[[ Raw data, beginning ]]

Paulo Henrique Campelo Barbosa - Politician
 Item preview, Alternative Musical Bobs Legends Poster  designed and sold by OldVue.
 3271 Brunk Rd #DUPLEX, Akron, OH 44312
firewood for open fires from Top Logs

[[ Raw data, end ]]

• **What this task involves**
Write out the material again, exactly as shown above.

• **Finished task**
Paulo Henrique Campelo Barbosa - Politician
 Item preview, Alternative Musical Bobs Legends Poster  designed and sold by OldVue.
 3271 Brunk Rd #DUPLEX, Akron, OH 44312
firewood for open fires from Top Logs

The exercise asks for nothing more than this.